The drizzle had stayed with them long enough to restrict the first two days of this match to a miserly total of 58 overs, and so deals and negotiations were already afoot by Friday.

Yorkshire's first-innings 306 was almost entirely dependent on the Australian Darren Lehmann's 177, while for Somerset the in-form Andy Caddick took six wickets. The home side responded briskly, thanks to a cavalier 79 not out by Simon Ecclestone, and dutifully declared 103 behind. Yesterday began with the Yorkshire captain David Byas at the crease, in charge of the declaration equation.

The prologue to the farce was when Lehmann, imperious in the first innings, flailed at the first ball of the day to be caught behind.
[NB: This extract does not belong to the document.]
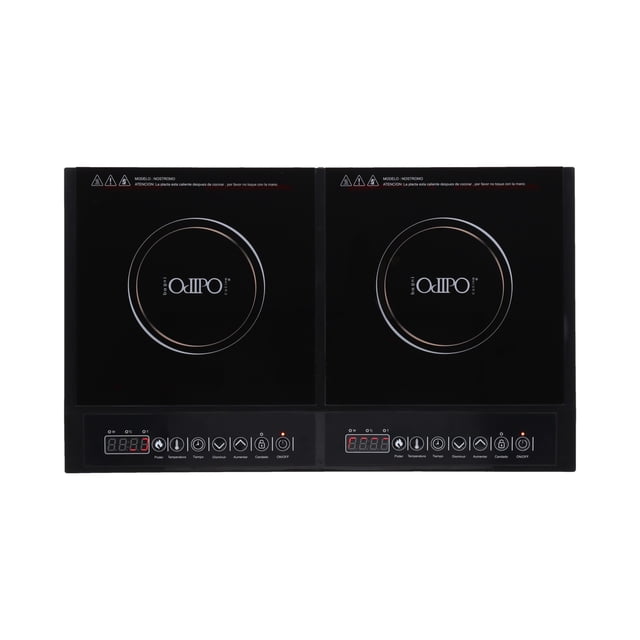 Parrilla eléctrica de inducción 2 quemadores 60cm Nostromo ODIPO Inducción Magnética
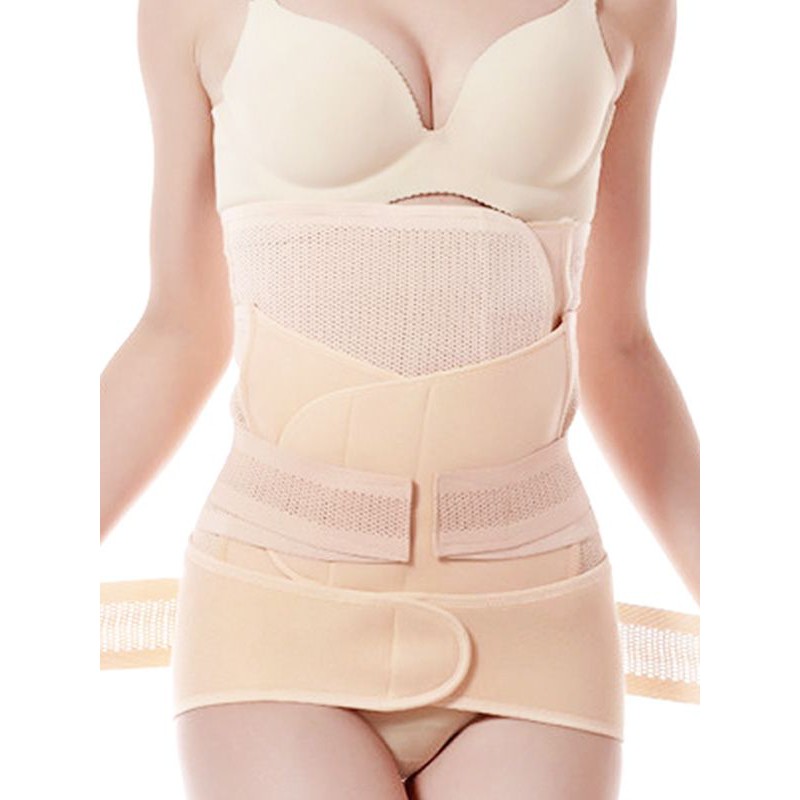 [PROMO] Mooimom 3In1 Postnatal Recovery Breathable Corset Nude Korset Pelangsing Pasca Melahirkan 3 pcs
At this point Somerset should have rewritten the agreement, but within four overs the joke bowlers were on - the Somerset skipper Peter Bowler and opening batsman Mark Lathwell offered dreadful long hops and full tosses, while the fielders seemed to be under instruction simply to escort the ball to the boundary. Byas's century will only be counted as first-class when memory of the morning has faded. But awful bowling can sometimes induce red mist in the eyes of professional batsmen - this beer-match duo collected three unworthy wickets between them.

Byas asked Somerset to score 341 at just over four an over. Immediately, Lathwell collected a pair, lbw to Hartley both times shuffling hopelessly across the stumps. He is too talented, this great village cricketer, for this sad situation to last much longer and it would be cruel if he did not face Leicester in Tuesday's Benson & Hedges quarter-final.

Somerset never got into the chase - even before their collapse they were edging forward at just three an over. Hartley, bustling in from the old pavilion end, put the result beyond doubt with three wickets in four balls, finishing a neat and destructive spell with 5 for 34. But the initial damage had already been inflicted by Craig White's swing bowling, attacking with spirit from the river end. He dismissed Bowler and Mike Burns - a newcomer who has so far relished his move from Warwickshire - in successive balls. Piran Holloway was another early participant in the procession, flapping recklessly at Gavin Hamilton as Somerset subsided immediately after lunch with the loss of three wickets. Hartley then took Yorkshire to the brink of a mid-afternoon victory.

Tea was delayed after a defiant little cameo by Mushtaq Ahmed, who slogged 33 off 22 balls, and then Kevin Shine joined the only rock of the Somerset disorder, Richard Harden, whose pugnacious fifty was his eighth in 10 innings. Shine assisted his partner to this little landmark, but with a White yorker the now-inevitable result occurred at four o'clock.